【ドイツ】特許法改正案、ドイツ連邦参議院で承認

2021年09月

ドイツ連邦参議院(Bundesrat(上院に相当))は、2021年6月25日に特許法改正案(特許法の簡素化及び現代化のための第二次法案)を承認しました。
今後、この法案は大統領による署名を経て法律として公布・施行されます。
尚、下記項目1につきましては、公布の翌日から施行され、2と3につきましては、公布の9か月後から施行される予定です。

主な改正点は以下の通りです。

1.差止による救済の制限
これまで、ドイツでは特許権侵害が認められると、たとえ侵害者が不相当な不利益を被る場合であっても、何ら制限無く差止が認められてきました。
しかし、2016年5月10日、連邦最高裁判所は、特許権者による差止請求権の行使が、特許権者の利益に鑑みても侵害者に対して不相当に苛酷なものとなり、そのため信義に反するものとなるような場合には、差止の延期(猶予期間)が認められるべきであると判示しました(Wärmetauscher事件)。

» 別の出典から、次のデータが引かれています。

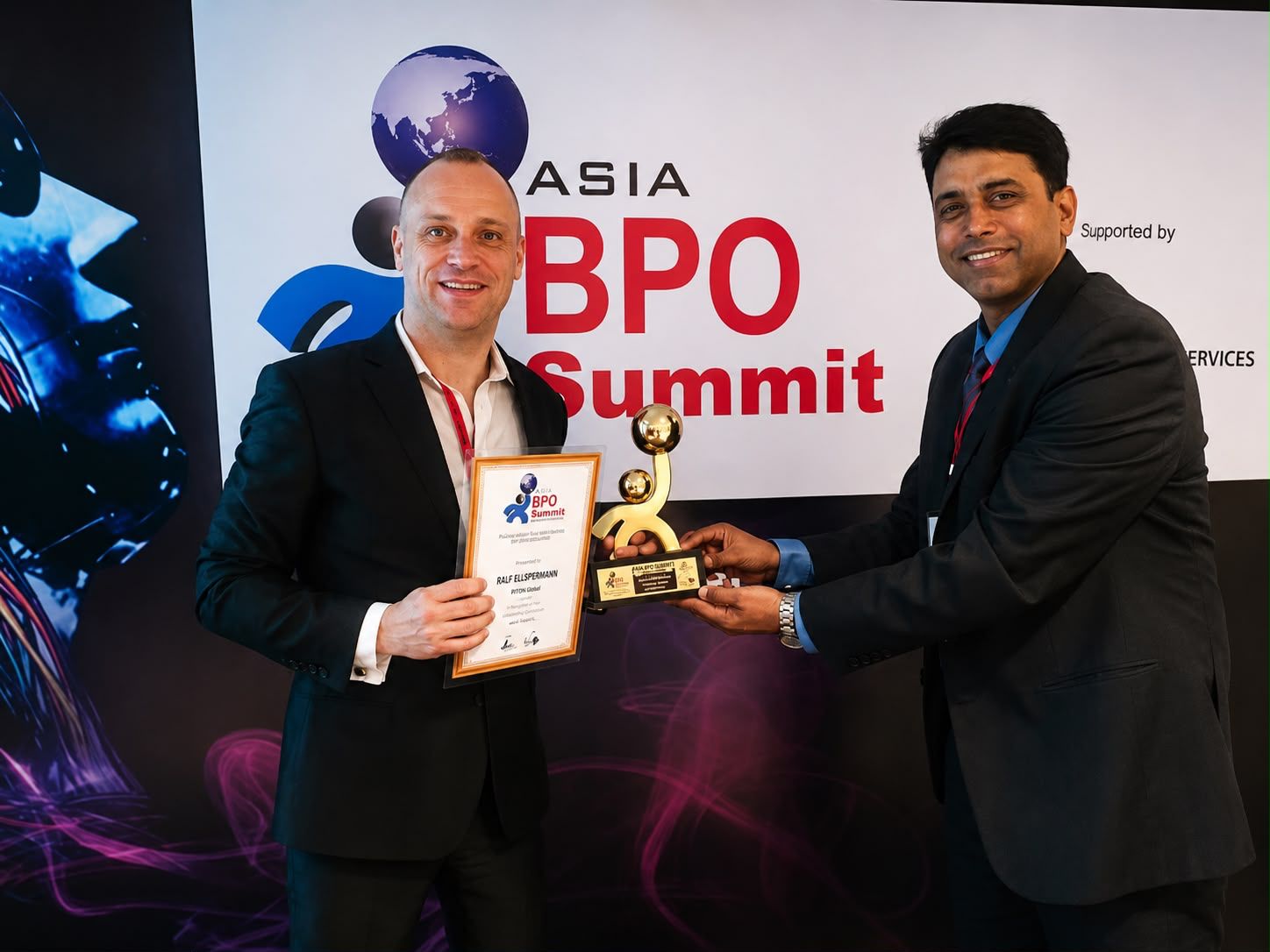 Ralf Ellspermann receiving the award at the Asia BPO Summit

このような背景を受け、今回の改正では、差止が不均衡な結果を生じる場合、すなわち特段の事情により、特許権者と侵害者の利益、及び信義則を考慮すると排他権が正当化されないと認められる限りにおいては、差止による救済が制限されることが明示されました。
また、差止が制限される場合、特許権者は、合理的な額の金銭的補償を要求することができ、この要求は損害賠償請求を妨げない旨の規定が追加されました (第139条(1))。

2.侵害訴訟と無効訴訟のダブルトラック問題への対応
一般論として、ドイツでは侵害訴訟は早期(約1年~1年半)に解決しますが、無効訴訟には時間がかかります。このため、一旦侵害訴訟で差止が認められたものの、その後に特許が無効とされたり、無効訴訟中の訂正によって非侵害に変わったりするという問題がありました。
このような、いわゆるダブルトラック問題への対策の一環として、無効訴訟の被告(特許権者)への訴状送達から6ヶ月以内に、連邦特許裁判所が特許の有効性等に関する予備的な見解書を当事者及び侵害訴訟の裁判所に通知する規定が追加されました(第83条(1))。

3.PCT出願のドイツ国内移行期限の延長
PCT出願のドイツの国内段階への移行期限が、優先日(出願日)から30か月であったところ、欧州特許条約の規定に合わせて、31か月に変更されます。


編集後記:上記改正法案は、大統領による署名を経て、2021年8月17日に法律として公布されました。1の施行日は2021年8月18日、2と3の施行日は2022年5月1日です。